> **Exercise**
For this exercise, restate every line below word for word and drop the images.

--- Data below ---

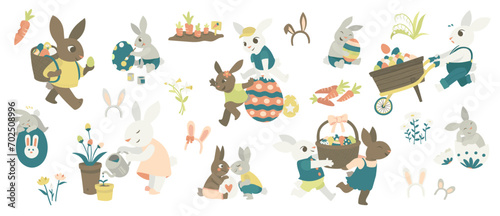 Easter Illustration Pack - Set of easter bunnies, baskets, wheelbarrow, Easter eggs, carrots and flowers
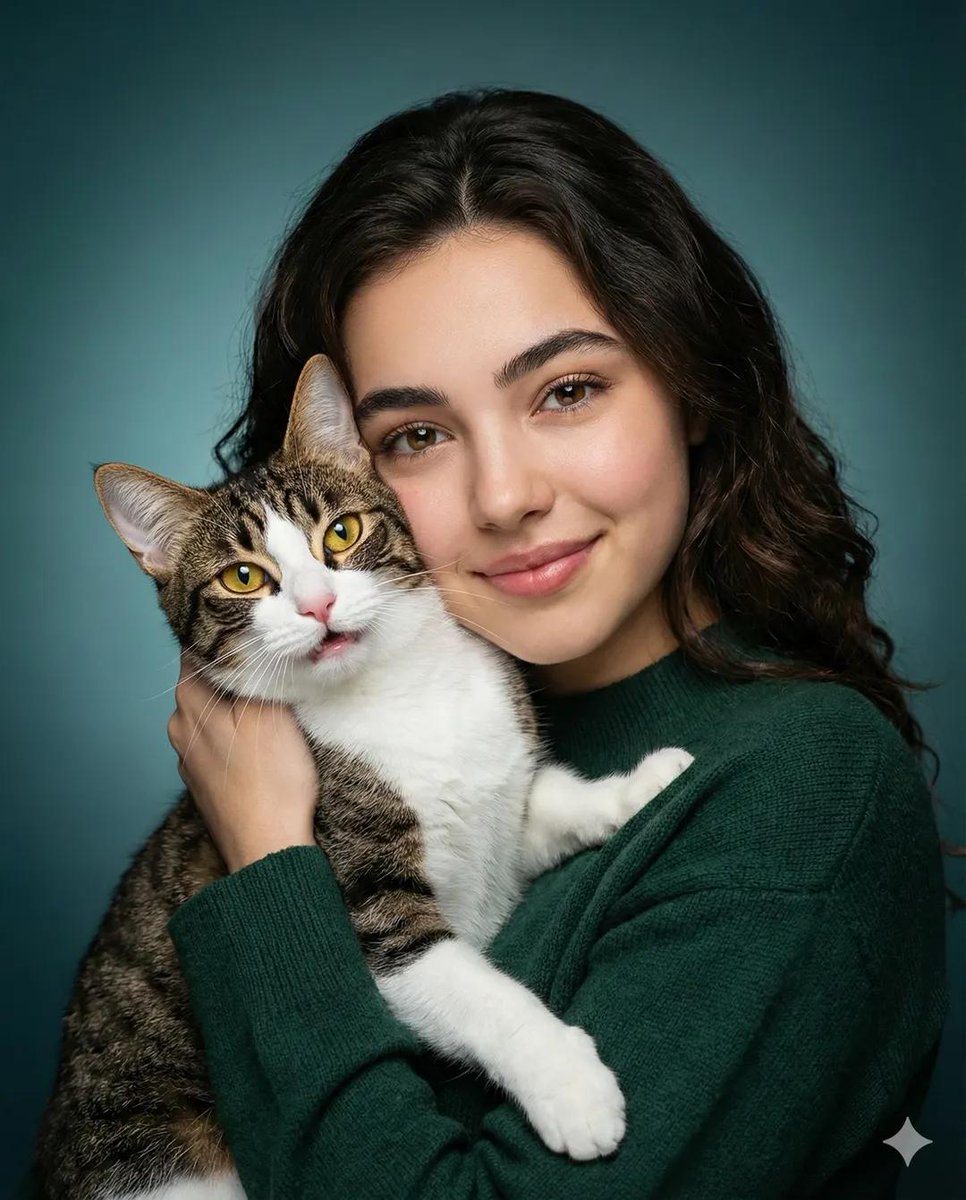 Heartwarming Woman and Cat Portrait — example 1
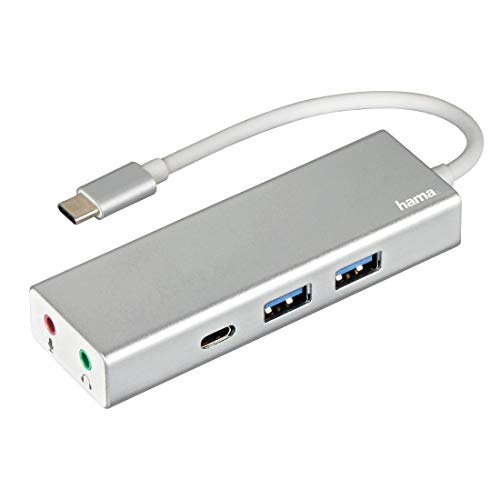 Hama USB 3.1 Type-C Hub, 3-fach, mit 3,5mm-Klinke (2x USB-A, 1x USB-C, Mikrofon-/Kopfhörer-Anschluss, 5 Gbit/s Super-Speed, für PC/Mac/Laptop/Tablet, OTG-fähig) externer USB-Verteiler, Multi-USB-Hub von Hama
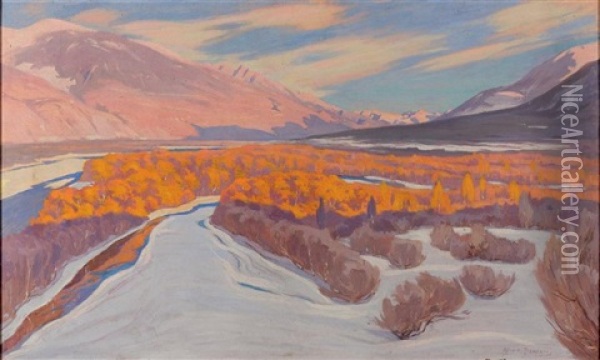 Premier Givre Vallee Du Rhone (valais) Oil Painting - Albert Henri Charles Franzoni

---

> **Response for this exercise**
 Easter Illustration Pack - Set of easter bunnies, baskets, wheelbarrow, Easter eggs, carrots and flowers
 Heartwarming Woman and Cat Portrait — example 1
 Hama USB 3.1 Type-C Hub, 3-fach, mit 3,5mm-Klinke (2x USB-A, 1x USB-C, Mikrofon-/Kopfhörer-Anschluss, 5 Gbit/s Super-Speed, für PC/Mac/Laptop/Tablet, OTG-fähig) externer USB-Verteiler, Multi-USB-Hub von Hama
 Premier Givre Vallee Du Rhone (valais) Oil Painting - Albert Henri Charles Franzoni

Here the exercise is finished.